Por haber hablado mal de él, el tiempo se venga: me sitúa en posición de pedigüeño, me obliga a deplorarlo. ¿Cómo pude asimilarlo al infierno? El infierno es ese presente que no se mueve, esa tensión en la monotonía, esa eternidad vuelta al revés y que no se abre hacia nada, ni siquiera hacia la muerte; mientras que el tiempo, que fluía, que se desovillaba, ofrecía al menos el consuelo de una espera, aunque fuera fúnebre. Pero ¿qué esperar aquí, en el límite inferior de la caída donde ya no es posible caer más, donde incluso falta la esperanza de otro abismo? ¿Y qué más esperar de esos males que nos acechan, que se muestran sin cesar, que tienen aire de existir solos, y que, en efecto, solos existen? Si todo se puede volver a empezar a partir del frenesí ‑frenesí que representa un sobresalto de vida, una virtualidad de luz‑, no sucede lo mismo con esa desolación subtemporal, aniquilación en pequeñas dosis, hundimiento en una repetición sin salida, desmoralizante y opaca de la cual no se podría surgir sino, precisamente, por medio del frenesí.

Cuando el eterno presente deja de ser el tiempo de Dios para convertirse en el del Diablo, todo se transforma en un machacar lo intolerable, todo perece en ese abismo donde se descuenta en vano el desenlace, donde se pudre uno en la inmortalidad. El que cae ahí da vueltas y vueltas, se agita sin provecho y no produce nada. De esta manera toda forma de esterilidad y de impotencia participa del infierno.

No puede uno creerse libre cuando siempre está frente a sí mismo, consigo mismo, pues, esa identidad, fatalidad y angustia a la vez nos encadena a nuestras tareas, nos jala hacia atrás y nos aleja de lo nuevo, fuera del tiempo. Y cuando se está fuera, se rememora el futuro, ya no corre uno hacia él.

Por muy seguro que se esté de no ser libre, hay certezas frente a las cuales uno difícilmente se resigna. ¿Cómo actuar sabiéndose determinado, cómo querer a la manera de un autómata? Afortunadamente existe un margen de indeterminación en nuestros actos, en ellos solamente: puedo dejar de hacer tal o cual cosa, pero me es imposible ser otro distinto del que soy. Si en la superficie tengo un cierto margen para maniobrar, en las profundidades todo está por siempre varado. De la libertad, sólo su espejismo es real: sin él, la vida apenas sería transitable, e incluso sería apenas concebible. Lo que nos incita a creernos libres es la conciencia que tenemos de la necesidad en general y de nuestras taras en particular. Conciencia implica distancia, y cualquier distancia suscita en nosotros un sentimiento de autonomía y de superioridad que, sin duda, sólo tiene un valor subjetivo. ¿De qué manera la conciencia de la muerte dulcifica la idea que nos hacemos de ella o hace retroceder el acontecimiento? Saber que se es mortal es, en realidad, morir dos veces; no, todas las veces que uno sabe que debe morir. Lo bello de la libertad es que uno se apega a ella en la medida en que parece imposible. Y lo que es más bello aún es que se le haya podido negar y que esta negación haya constituido el gran recurso y el fondo de más de una religión, de más de una civilización. No alabaremos bastante a la antigüedad por haber creído que nuestros destinos estaban inscritos en los astros y que no había ningún rastro de improvisación o de azar en nuestras alegrías y desgracias. Por no haber sabido oponer a tan noble «superstición» más que «las leyes de la herencia», nuestra ciencia se ha desprestigiado para siempre. Teníamos cada quien nuestra «estrella», y henos ahora esclavos de una odiosa química. Es la última degradación de la idea de destino.
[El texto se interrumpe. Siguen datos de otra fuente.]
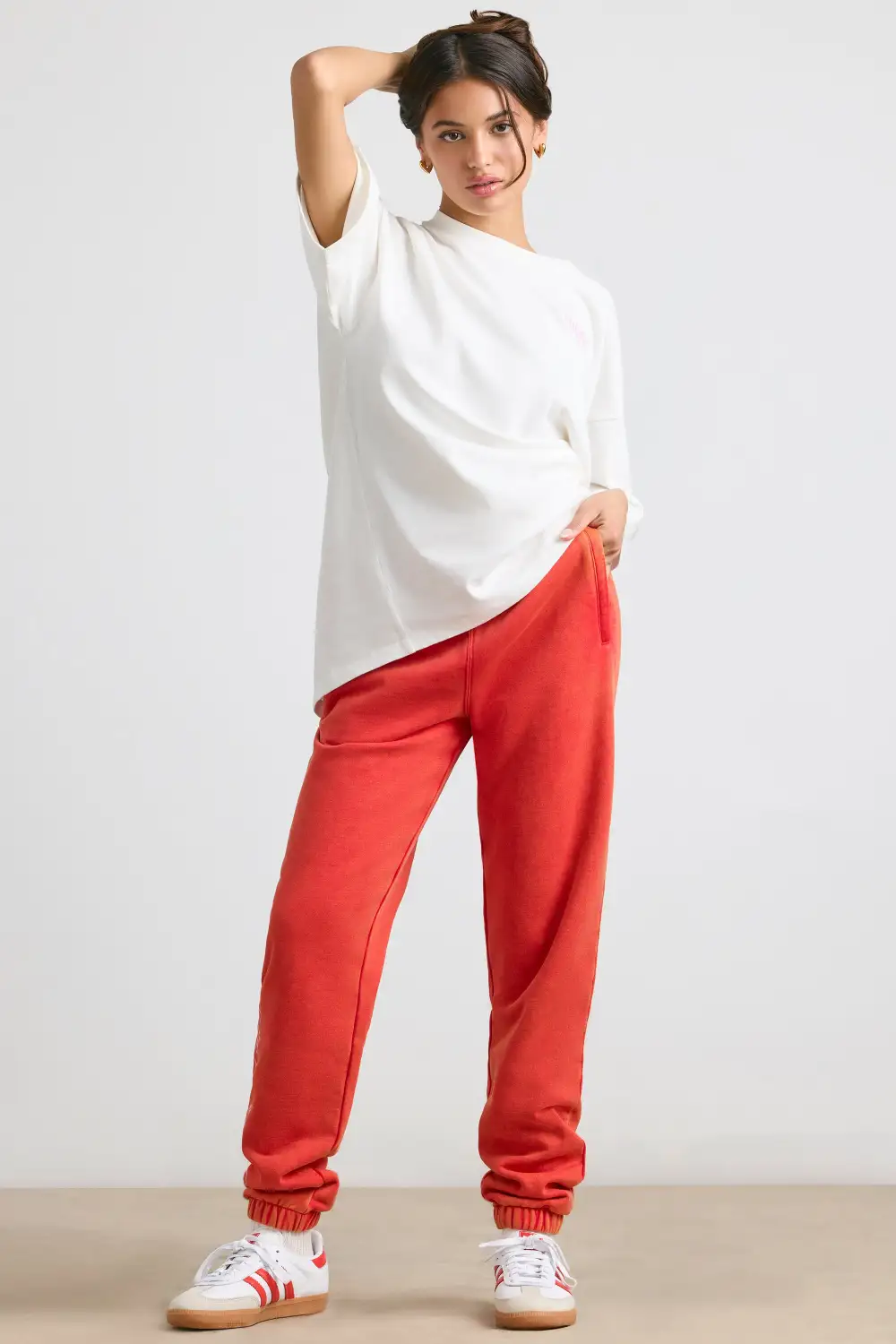 Devotion - Oversized Joggers in Red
No es de ninguna manera improbable que esta crisis individual se convierta algún día en un hecho para todos y que adquiera, aquí, no ya una significación psicológica, sino histórica. No se trata de una simple hipótesis: hay que saber leer en los signos.
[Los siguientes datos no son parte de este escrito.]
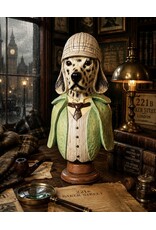 C&E Giftware Figurines Collectables - Dalmatian Dog Dressed as Sherlock Holmes  Bust 40cm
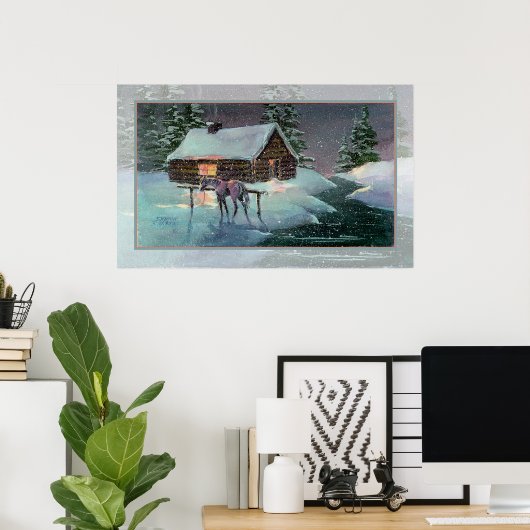 BUITEN DOOR SHARON SHARPE POSTER (Thuiskantoor)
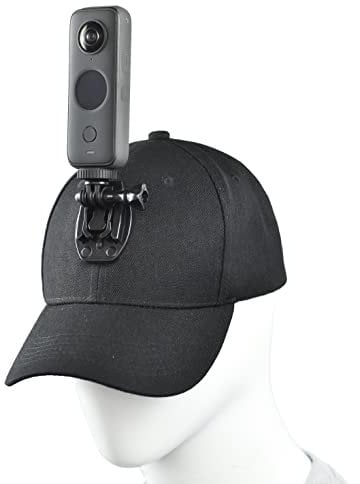 Fotoleey Camera Baseball Cap Mount, Compatible with GoPro Hero 13/12/11/10, For Insta360 GO 3S, Ace Pro, Breathable Material, Adjustable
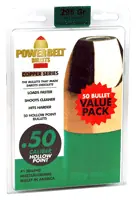 295GR Copper HP 50ct CVA PowerBelt Bullets .50 Caliber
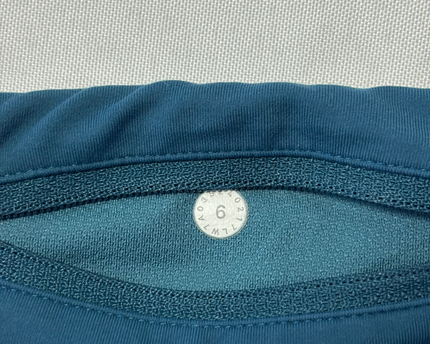 Lululemon Teal Athletic Performance Running Shorts
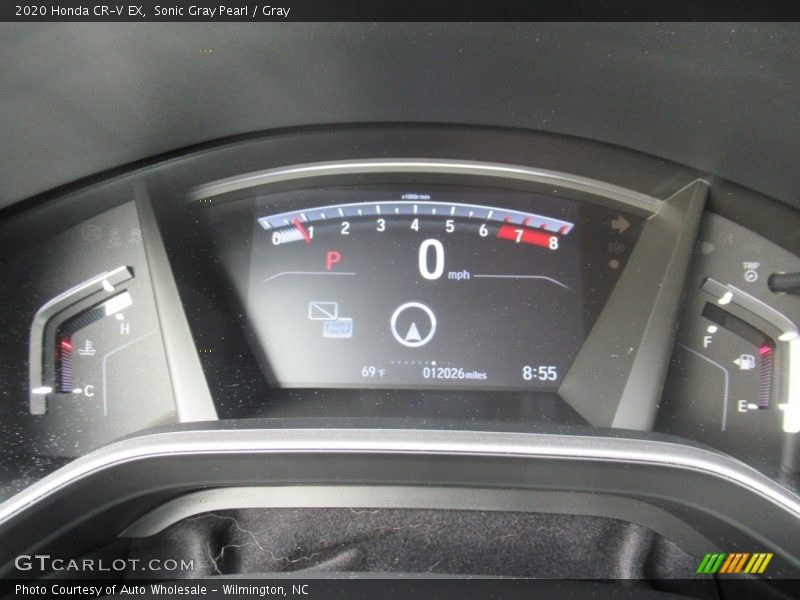 Sonic Gray Pearl / Gray 2020 Honda CR-V EX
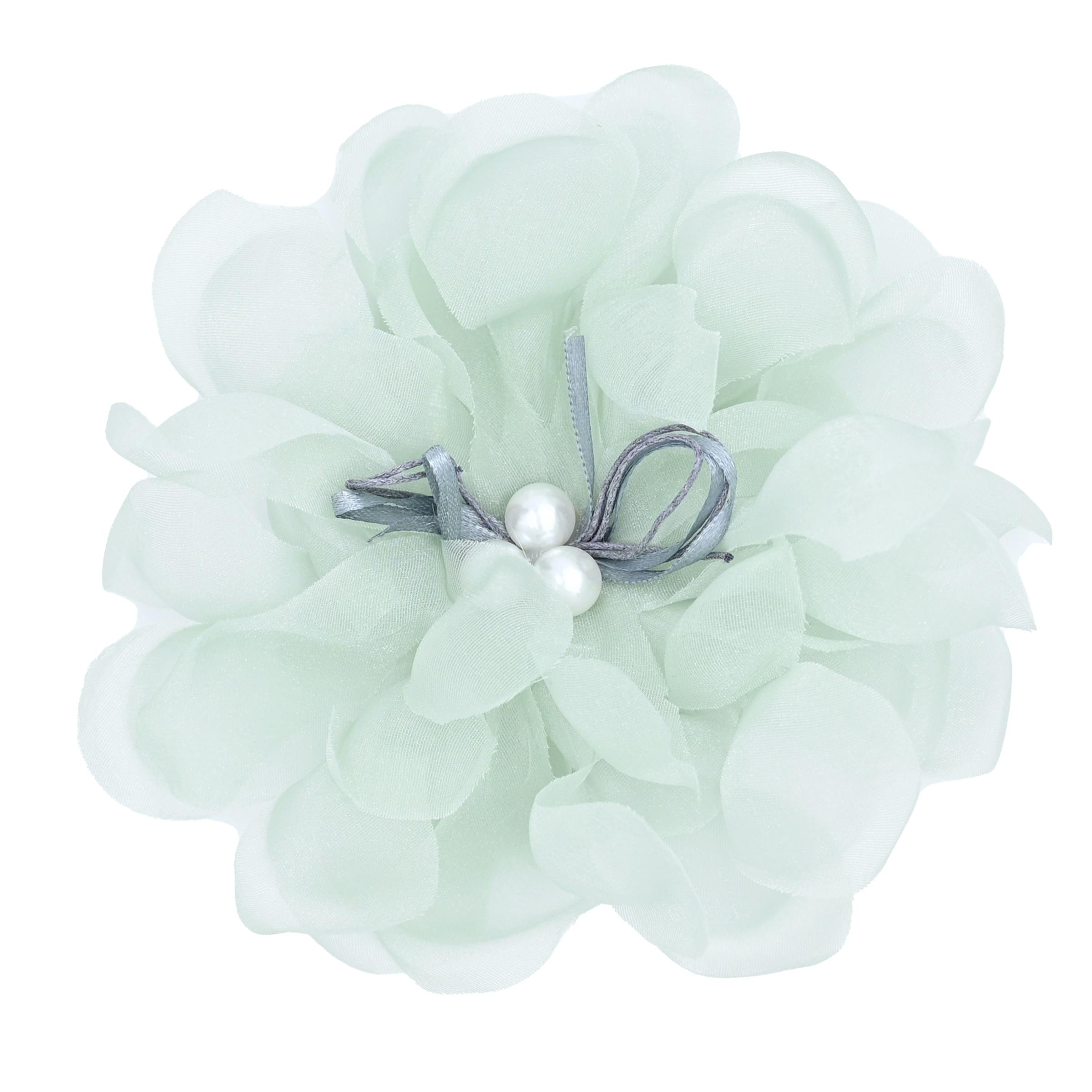Pearl Ribbon Flower Hairclip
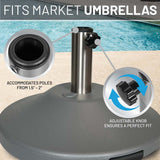 US Weight Premium 50 Pound Prefilled Umbrella Base for Patio Table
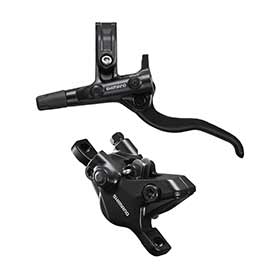 Shimano Deore BL-M4100 / BR-MT410, MTB Hydraulic Disc Brake, Front, Post mount, Disc: Not included, Black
Después de haber echado a perder la verdadera eternidad, el hombre ha caído en el tiempo donde ha conseguido, si no protestar, al menos vivir: lo cierto es que se ha acomodado en él. El proceso de esta caída y de este acomodo lleva por nombre Historia.
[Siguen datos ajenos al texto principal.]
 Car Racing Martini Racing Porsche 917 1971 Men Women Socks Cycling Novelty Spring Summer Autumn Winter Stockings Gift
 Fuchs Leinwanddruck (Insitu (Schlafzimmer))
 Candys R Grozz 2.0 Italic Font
Pero he aquí que otra caída, cuya amplitud es aún difícil apreciar, amenaza al hombre. Esta vez no se trata solamente de caer de la eternidad, sino del tiempo; y caer del tiempo significa caer de la historia, suspender el devenir, sumergirse en lo inerte y lo gris, en el absoluto del estancamiento donde incluso el verbo se hunde imposibilitado para izarse hasta la blasfemia o la imploración. Inminente o no, esta caída es posible, casi inevitable. Cuando sea la herencia que le toque al hombre, éste dejará de ser un animal histórico. Y entonces, cuando haya perdido hasta el recuerdo de la verdadera eternidad, de su felicidad primera, dirigirá su mirada hacia otra parte, hacia el universo temporal, hacia ese segundo paraíso del cual habrá sido expulsado.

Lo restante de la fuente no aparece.